В этот день Тамара ушла, ей подвернулся случайный заработок – готовить к музыкальной школе маленького оболтуса. Им с бабушкой было особенно хорошо вдвоем.

– Я хочу тебе почитать мои записки, «Повесть лучших дней», – с каким-то особым выражением на лице проговорила бабушка. Я думаю, тебе пора уже узнать про дедушку Сашу, как мы впервые увиделись… – Она извлекла из шкафа толстую тетрадку в холщовой обложке; фиолетовые буквы выцвели, как припозднившиеся ирисы на садовой грядке.

Женя была вся внимание.

– Это твой дневник?

– Да, – слегка смутилась Надежда Николаевна, – можно сказать и так. – Я вспоминала юность, потом, спустя годы, когда твоего деда уже не стало… – в тридцать лет написала о нашей любви, о рождении дочки Томы. Все тогда было совсем по-другому, и я была иной, – ее голос дрогнул. Она откинулась на стуле, зашелестела первая страница:

«Ясное морозное утро. Белый пушистый снег, выпавший за ночь, покрыл густыми хлопьями ветви деревьев, придав им причудливые, фантастические очертания. Тяжелой шапкой лег снег на крыши зданий, и они кажутся меньше, словно вросли глубоко в землю.

Канавино еще спит.

А солнышко поднялось уже высоко, и лучи его, падая на замороженные стекла окон, искрятся в них и ослепительно блестят.

Вот с шумом распахнулась дверь маленького деревянного домика, из него выбежала девушка в черном жакете на вате и черной круглой шапочке. Она быстро зашагала по пустынной, белой, как скатерть, улице, спустилась к Оке.

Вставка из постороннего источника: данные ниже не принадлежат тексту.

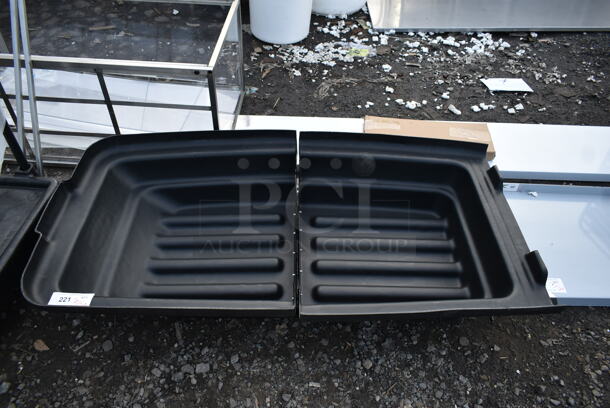 BRAND NEW SCRATCH AND DENT! Rubbermaid FG9T2200BLA Hinged Dome Lid for FG9T1300BLA and FG9T1400BLA Tilt Trucks - Image 2 of 3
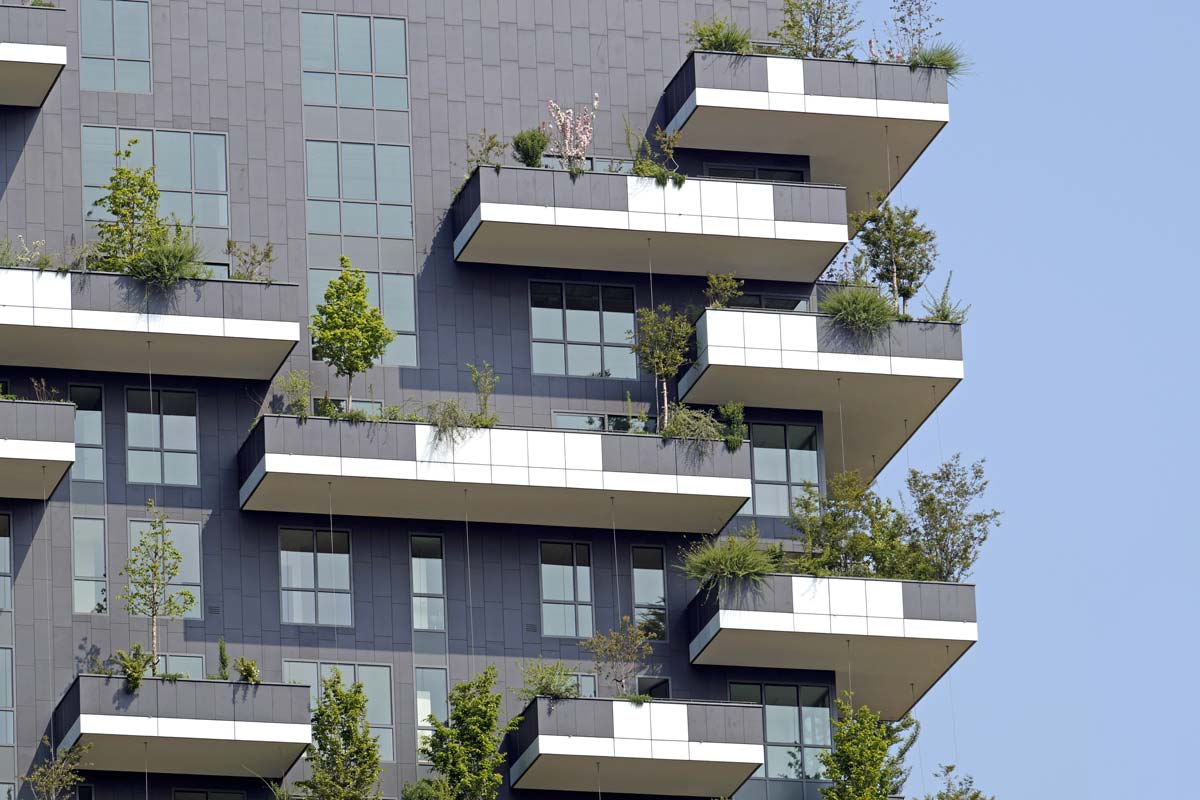 La manutenzione dei balconi, chi paga in condominio Salvis Juribus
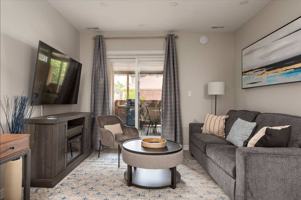 featured image of 1364 Queen St E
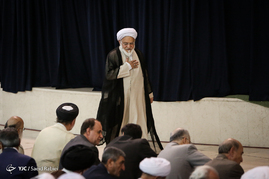 نماز جمعه تهران به امامت آیت الله موحدی کرمانی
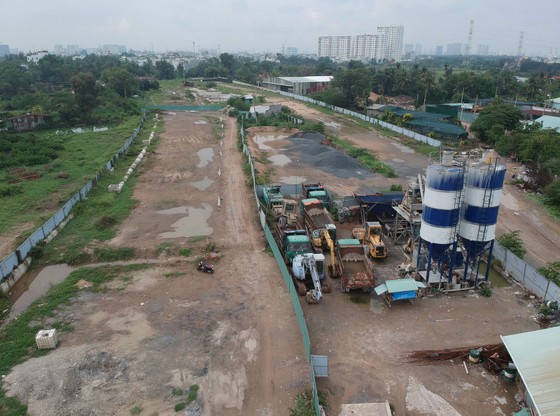 Mặt bằng, thủ tục cản trở dự án giao thông trọng điểm tại TPHCM ảnh 1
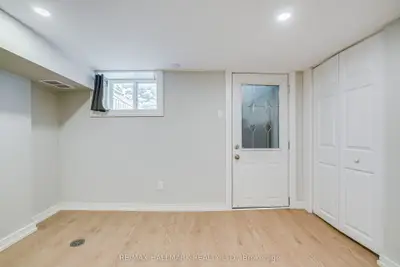115 Rainsford Road Lower, Toronto, On M4l 3n8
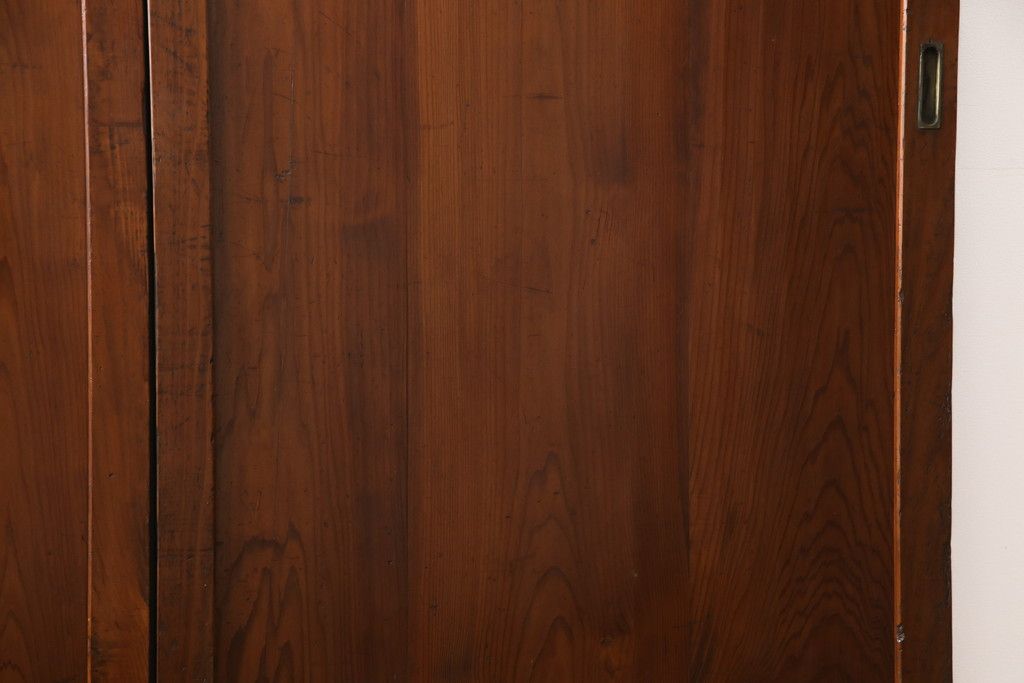 昭和初期の板戸3枚セットをリペア&カスタム!高さと幅をリサイズし、それぞれ片引戸として使えるようリメイク。現状をベースに1トーン落ち着いた色味に着色仕上げ。(建具、引き戸)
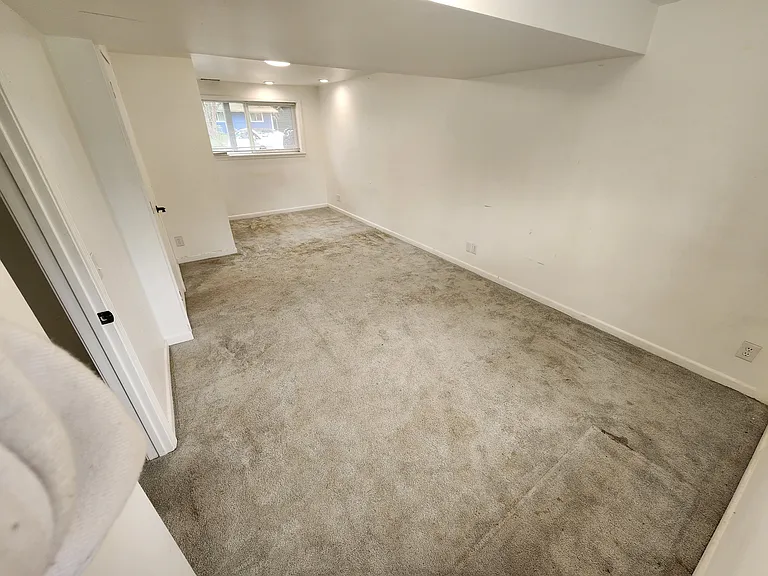 1935 Ginkgo St SE #1 — Photo 2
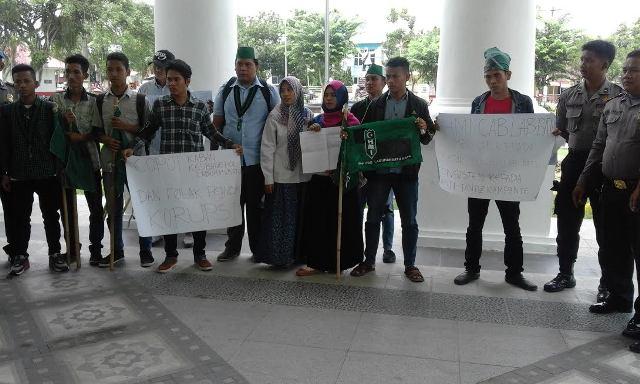 HMI Cabang Labuhanbatu Raya Demo ke Kantor Bupati Labuhanbatu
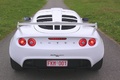 Lotus Exige S blanche vue arrière.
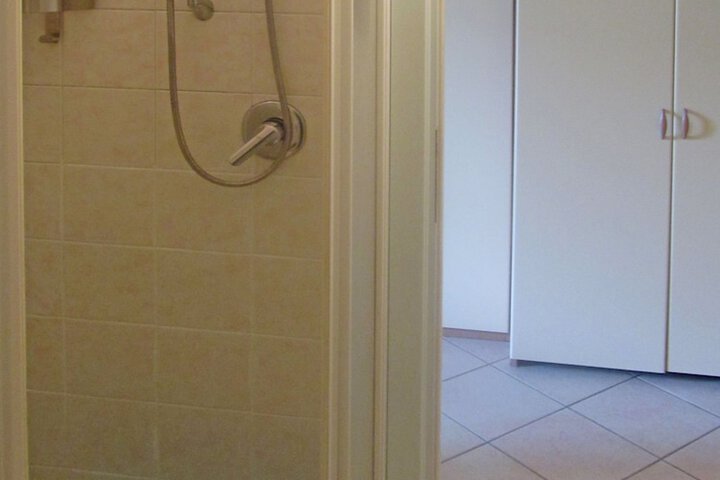 Room 19 of 25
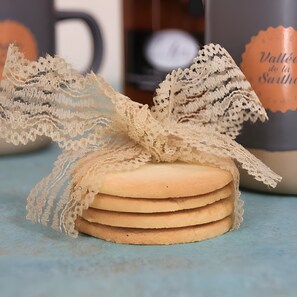 Unclassified image, 3 of 17, button - Room 'Pause Tranquille - Chambre 2' with Shared Terrace, Shared Garden and Wi-Fi (Sablé-sur-Sarthe)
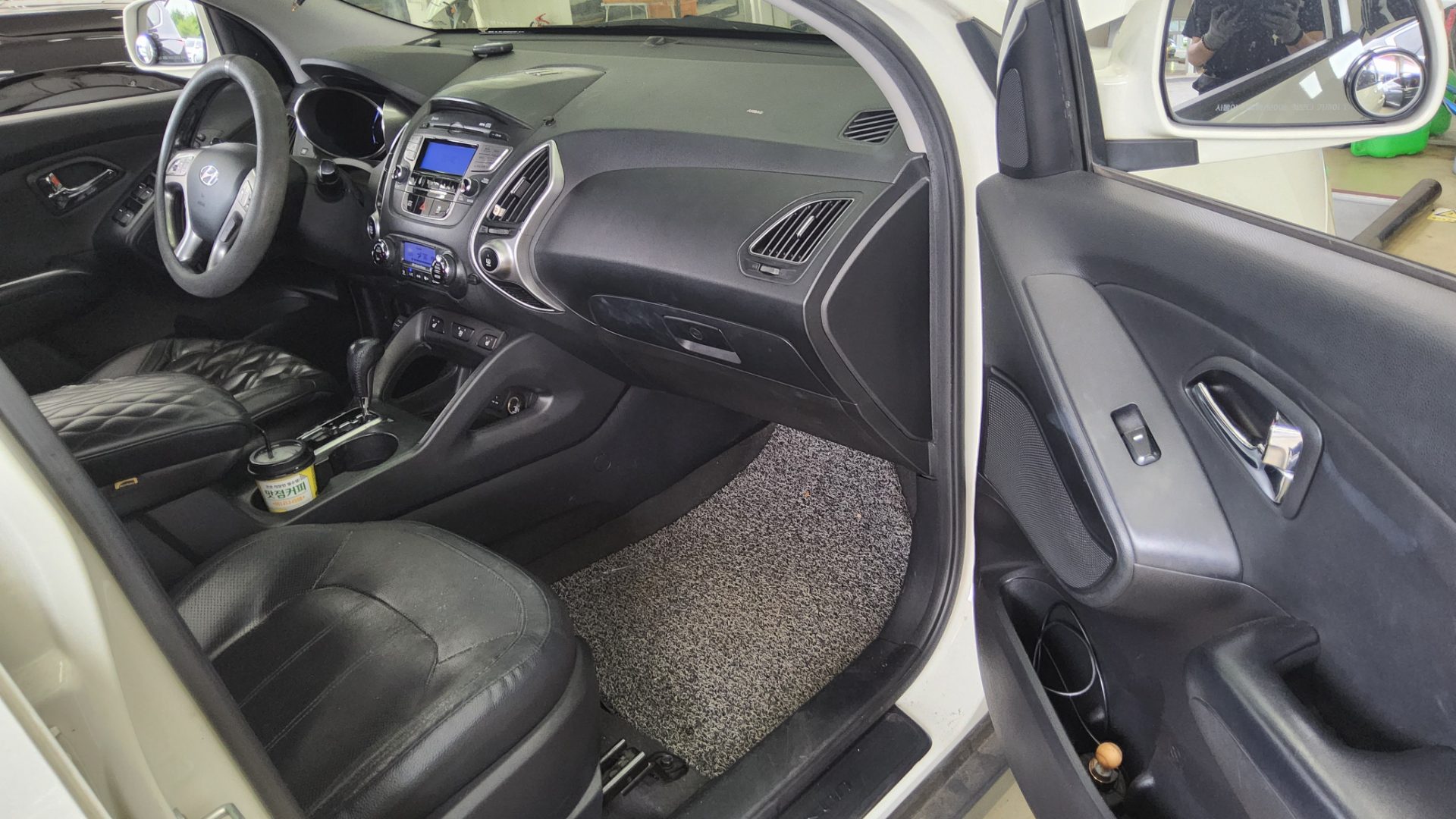 2012 - hyundai tucson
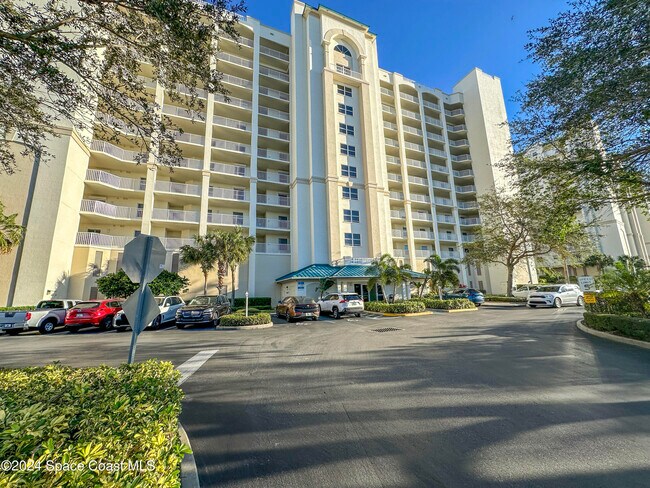 3 Indian River Ave in Titusville, FL - Foto de edificio - Building Photo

Идти через реку было особенно хорошо. Словно забыв, куда она идет, она останавливалась, зачарованная беспредельной широтой белого поля, расстилавшегося перед ней. Весь день сегодня она была занята: утром собрание комитета, потом надо зайти в типографию и еще к двум товарищам по делу, а вечером ей надо быть у Софьи, у нее она должна была встретиться с новым товарищем, которого она наметила в организаторы в Канавино…»

– Тебе интересно?

– Да, неуверенно кивнула Женя.

– А зачем она… она шла на собрание комитета?

– Но я же тебе уже говорила, ты забыла, мы были социалисты-революционеры, не боевое крыло, мы создавали кружки на заводах, учили рабочих, ведь трудовой народ был сплошь неграмотный.

Женя не совсем понимала, не улавливала связи. Что за кружки? Ведь крыло бывает у птицы.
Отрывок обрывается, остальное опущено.